Hidden Valley Ranch Started With a Plumber From Alaska and Now He’s Coming for Your Snack Drawer

Steve Henson was a plumber from Alaska who cooked for guests at his California ranch and accidentally invented the most American condiment in history.
His recipe – buttermilk, garlic, herbs, and a flavor nobody could explain but everyone recognized – just beat ketchup with nearly $1 and half billion in sales last year.
Now Hidden Valley Ranch is doing something it has never done in its entire history, and if you love real food made by real Americans, you are going to want to hear this.
Hidden Valley Ranch Dippers Launch at Walmart With 15 Grams of Protein
While the food industry spent the last two decades telling you to eat plant-based everything, drink oat milk, and swap your chicken for whatever insect protein the globalists were funding that month – American families kept buying ranch.
They put it on pizza.
They put it on wings.
They put it on everything Domino's would deliver to their door.
Ranch dressing now sits in over 75 percent of American refrigerators and shows up on more than half of all restaurant menus in the country.
Now Hidden Valley Ranch is responding to what Americans actually want.
Hidden Valley Ranch Dippers are chicken strips seasoned with the original ranch flavor – packed into a single-serve ready-to-eat tray delivering 15 grams of protein – now hitting shelves at Walmart, Kroger, Publix, and Albertsons.
Two flavors: Original Ranch and Buffalo-Style Ranch.
And for the first time in the brand's history, Hidden Valley Ranch is in the refrigerated aisle – right next to real food, for real Americans.

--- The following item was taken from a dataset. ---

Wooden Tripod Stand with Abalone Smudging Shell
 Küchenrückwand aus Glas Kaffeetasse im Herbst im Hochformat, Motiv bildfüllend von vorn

"At Hidden Valley Ranch, we're always listening to our loyal ranch fans for ideas on where to bring our iconic flavor next," said Nick Higgins, general manager of Hidden Valley Ranch. "Now we're making it more convenient and even more delicious for consumers to pack in more protein."
How Hidden Valley Ranch Became Americas Number One Condiment
Steve Henson invented the recipe in the 1950s at a California guest ranch called Hidden Valley.
He was not a food scientist.
He was not a Silicon Valley founder with a plant-based protein pitch deck.
He was a working man who knew what tasted good and made it for the people around him.
Guests at the ranch raved about it.
Henson started selling dry mix packets by mail.
Clorox bought the brand in 1983 and put it in every grocery store in America.
Then Cool Ranch Doritos launched in 1986 and turned ranch into a national obsession.
Then Domino's started offering ranch dip with pizza and wings in 1994 and settled the debate permanently.
Ranch was never a salad dressing.
Ranch was a flavor – the American flavor – and it belonged on everything.
Real Chicken for Real Americans While the Food Industry Pushes Everything Else
Here is what the food industry does not want you to notice.
While brands spent billions marketing insect protein, lab-grown meat, and fake chicken nuggets made from pea protein and desperation – 61 percent of Americans increased their real protein intake in 2024.
That number was 48 percent in 2019.
Americans are not eating less real food.
They are eating more.
Seven in ten Americans say they are actively trying to get more protein into their diet right now – and they want it from sources they recognize, not from a startup that got a check from a globalist foundation.
Hidden Valley Ranch looked at what Americans were actually asking for and delivered it.
Real chicken.
Real ranch.
In a tray that fits in a lunch bag, a locker, a truck, or a tailgate cooler.
Steve Henson started with a recipe for the guests who showed up at his ranch.
Seventy years later, Hidden Valley Ranch is still feeding the people who built this country – and they just made it easier than ever to do it.
Sources:
- Christopher Doering, "Leftovers: Hidden Valley Ranch Dippable Snacks, Hot Pockets Snacks, Liquid IV Margarita," Food Dive, May 29, 2026.
- "Hidden Valley Ranch Expands into Protein-Forward Snacking with New Line of Seasoned Chicken Dippers," PR Newswire, May 11, 2026.
- "Going Bold with HVR's Protein-Forward Innovation," The Clorox Company, October 2025.
- "Ranch Dressing Sales Hit $1.3 Billion, Beats Ketchup as America's Favorite Condiment," WROR, February 2025.
- "Cargill Shares 2025 Protein Trends," Cargill, April 2025.